Not to hijack the thread, but, Yay, Money Maps! Never heard of it before, but I totally have to do this anytime we make a tweak to our system. We always talk about/draw it in terms of “flows”. And call our accounts “buckets” (that once they are full can flow into other buckets). Then, when all out buckets/buffers/emergency funds are full, we call it “Shields Up”, like we’re the USS Enterprise or something. No splurging til Shields Up!
We have a bunch of bank accounts, as we originally started structuring our accounts sort of following the “60% Solution” categories. We’re starting to make some updates to this (now we have a kid, we set aside money for kid expenses in a separate account too), but this has been the basic system that has worked for us for maybe 10-15 years. (It’s how we check our budget without micromanaging it anymore.) It’s definitely a “pay yourself first system”.
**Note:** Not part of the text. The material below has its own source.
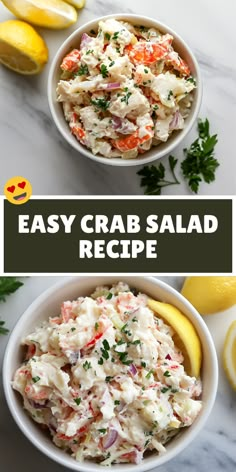 two bowls filled with crab salad next to lemons and parsley on the side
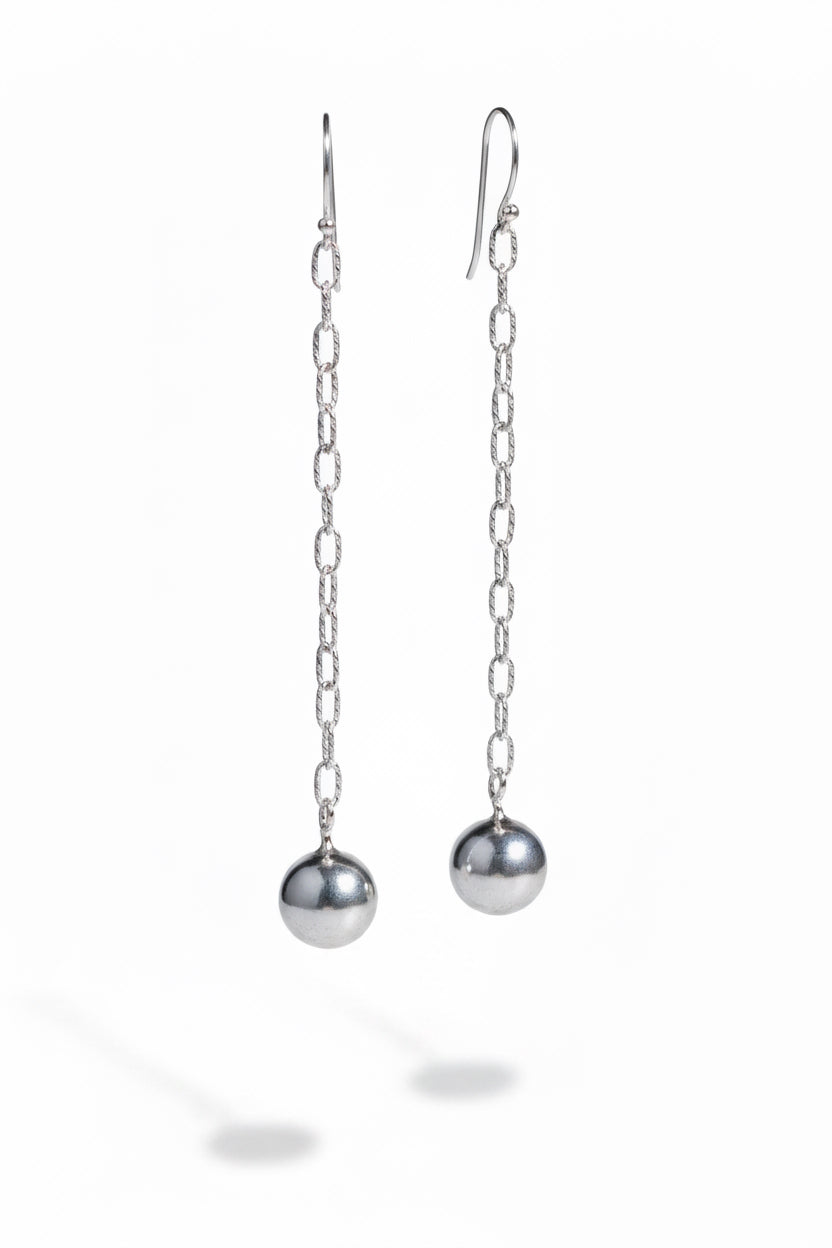 925 Sterling Silver Chain Drop Earrings: Minimalist Dainty Sphere Design, Polished High Shine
We have checking/savings accounts called:
ME=Monthly Expenses (budgeted, regular monthly expenses)- Gets “Zeroed Out” at the end of each month.
STS=Short Term Savings or Irregular Expenses (“Irregular” regular expenses: repairs, small gifts, doctors appointments, misc.) We keep a set buffer, maybe 3k, but depends on the size of your lifestyle. Your buffer could be x-months of living expenses/emergency fund.
LTS=Long Term Savings (for goals, and a holding place for transfers to IRA’s, etc.)
(We include “Fun” in LTS… so it’s technically LTS/Fun… but these could be separate, of course) We like to have a good size buffer in this account, so it’s also our emergency fund.
We also have:
Insurance Account= budgeted monthly amounts for premiums that come due at different timeframes, so it’s no surprises: car insurance, property insurance, life insurance, disability, health insurance. All premiums are paid from this account.
How it works:
Paychecks flow into ME (once a month, see below*) and then automated transfer distribute set amounts (based on our savings/spending plan) to Insurance Account and STS and LTS.
Then (for the brave…) we pay expenses during the month from both ME and our Credit Card (CC points!). At the “end of the month” AKA the day after the new monthly income transfer/“paycheck” comes into ME, the money that had been left in ME gets transferred to STS (to pay ME’s share of the Credit Card Bill, which gets paid out of STS). It’s a quick “budget check”, as I know what the amount should be month to month. Then I quick scan the CC Statement for anything that is not an ME or STS/Irregular expense, like a vacation expense or Fun purchase, and then transfer that amount out of LTS/Fun to pay the LTS/Fun portion of the CC. The transferred in amounts plus the previously transferred fixed monthly STS transfer SHOULD be equal to or less than the amount of the Credit Card bill (we leave a “fixed buffer” of maybe 3k in there), so it should be at or above the buffer after paying off the card. Then the month starts over again.
It’s actually simpler than it sounds, but you can see why a Map is useful when tweaking the system. Do you guys do anything similar?
*Since we’re self-employed with irregular income, we usually have a sort of “Feeder Account/Central Hub” from which we create a monthly “paycheck” for ourselves. I think this might be useful for folks who get paid biweekly or irregularly also. Also because we are self-employed we also have a "Tax Holdings" Account where we set aside % of income for Quarterly Estimated Taxes, etc.